Can Dr darden and others here chime in on the evolution of mentzers workouts for the general public and his personal personal clients? Also what was the rep cadence that he advocated for the heavy duty training concept? Feel free to post some workout templates if you have some of personal favorite of his heavy duty routines?

In the late 80’s to early 90s, Mentzer started his clients on a 3-day-a-week split routine of 7-9 total sets. He saw right away it led to overtraining for the majority.
So he started a methodical reduction in volume and frequency while keeping records on his clients’ progress.
In February of 1995, he finally arrived at his ultimate routine. Train every 96 hours (4 days) with a total of 3-5 sets for the entire workout.

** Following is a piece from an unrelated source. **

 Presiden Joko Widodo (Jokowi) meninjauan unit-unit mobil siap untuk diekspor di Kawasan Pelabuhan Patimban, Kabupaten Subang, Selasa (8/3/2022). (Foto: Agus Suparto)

He claimed when he made the reduction to such low volume and frequency, his clients made progress that was “literally off the charts.”
He also stated that he was reluctant to go to such infrequent training because he believed like everyone else, that muscle atrophy started after 96 hours of no training.
He said that was the MAJOR flaw in Arthur Jones’ theory of training. Jones was correct on intensity, but he was well off the mark on volume and frequency (especially for natural lifters).
Mentzer also said that he was shocked himself when he saw the progress his clients made on such low volume and frequency.
Finally stating, that despite being the arch advocate of lesser training during his competitive years, he was still overtraining and would have trained differently and would have made far better progress.
Respectfully, Steve…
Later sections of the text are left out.